Lacy took the album and began perusing the pictures, trying to hide how the images of her father and grandfather felt like a knife to the heart. All of these photos of them smiling with strangers she didn’t know, all when they had abandoned her and her mother. How many nights had she cried herself to sleep as a little girl, missing her father so much she could barely breathe? Anger flared through her and she slammed the album shut. Emma and Colette jumped a little, stunned by her reaction.
Lacy found it hard to speak around the burning lump in her throat. “If they were doing so well with their businesses, why didn’t they ever reach out to me? Harv and Nicholas left me and my mother alone to fend for ourselves! And all those businesses they ‘helped’? I’m sure they were using business dealings just as shady as what led to my father’s bankruptcy in the first place.”
Emma leaned forward, reaching for Lacy’s hand. “Oh, my dear, how you must have hurt for so many years…”
Emma’s tenderness almost broke Lacy, and a tear slid down her cheek. Almost angrily, she swiped it away. “I became stronger because of it. I just don’t understand how they could be so selfish and abandon a little girl like that.”
“But they didn’t,” Emma said softly, waiting until Lacy met her gaze. She squeezed Lacy’s hand. “Nicholas tried over and over throughout the years to contact you, to tell you the truth about what happened. You see, I’m afraid you never got the full story, and I’m afraid no one ever told you that they didn’t go bankrupt because of any dishonest business practices.”
Lacy swiped away another tear even as her chin trembled. “How can that be? My mother told me that my entire life.”
“Because she was angry,” Emma whispered. “We can never know why she could not forgive your father for going bankrupt, but you need to know that he and Nicholas were not dishonest men. And I meant it. Nicholas tried so very many times to contact you, but your mother must not have told you.”
Lacy dropped her head into her hands, her mind whirling with the implications of this new information.
No.
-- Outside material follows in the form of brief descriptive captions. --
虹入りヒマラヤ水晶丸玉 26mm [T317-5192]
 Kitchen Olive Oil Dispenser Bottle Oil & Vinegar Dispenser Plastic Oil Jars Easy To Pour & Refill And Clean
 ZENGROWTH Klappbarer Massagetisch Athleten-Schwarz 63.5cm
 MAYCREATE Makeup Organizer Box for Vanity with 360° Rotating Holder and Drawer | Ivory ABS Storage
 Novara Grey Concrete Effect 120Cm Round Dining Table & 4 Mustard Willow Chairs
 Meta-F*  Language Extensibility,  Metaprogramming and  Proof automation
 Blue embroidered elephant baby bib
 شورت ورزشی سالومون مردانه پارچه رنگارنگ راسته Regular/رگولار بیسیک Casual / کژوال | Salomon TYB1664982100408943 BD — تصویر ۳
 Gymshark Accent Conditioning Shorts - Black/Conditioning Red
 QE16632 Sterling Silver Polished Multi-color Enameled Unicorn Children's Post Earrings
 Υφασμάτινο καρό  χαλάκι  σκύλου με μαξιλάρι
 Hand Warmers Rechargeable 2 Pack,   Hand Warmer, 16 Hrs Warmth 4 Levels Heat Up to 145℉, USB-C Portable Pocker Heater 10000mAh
It can’t be. She refused to accept it as true.
“That’s impossible,” she finally said, her voice ragged.
Emma patted her knee. “Nicholas wrote to you so many times, and he has a box he left for you. It’s here in the house and I’ve been looking for it. The only problem is that it's locked, although Nicholas assured me that you would be able to open it. He said he left you a key.”
Lacy looked at Emma through watery eyes, Emma’s image distorting through the teardrops that almost blinded her. “No, he never left me a—”
She stopped speaking abruptly as a long-buried memory came floating back to her. When she was just a little girl, she remembered that one year for her birthday, Nicholas had presented her with a necklace on which hung a beautiful and ornate key. She had worn the key necklace proudly for years, rubbing it and studying it when she felt lonely, but after he and her father had left, she had never worn it again. Could it really be that Nicholas had handed her the key to this box so many years ago?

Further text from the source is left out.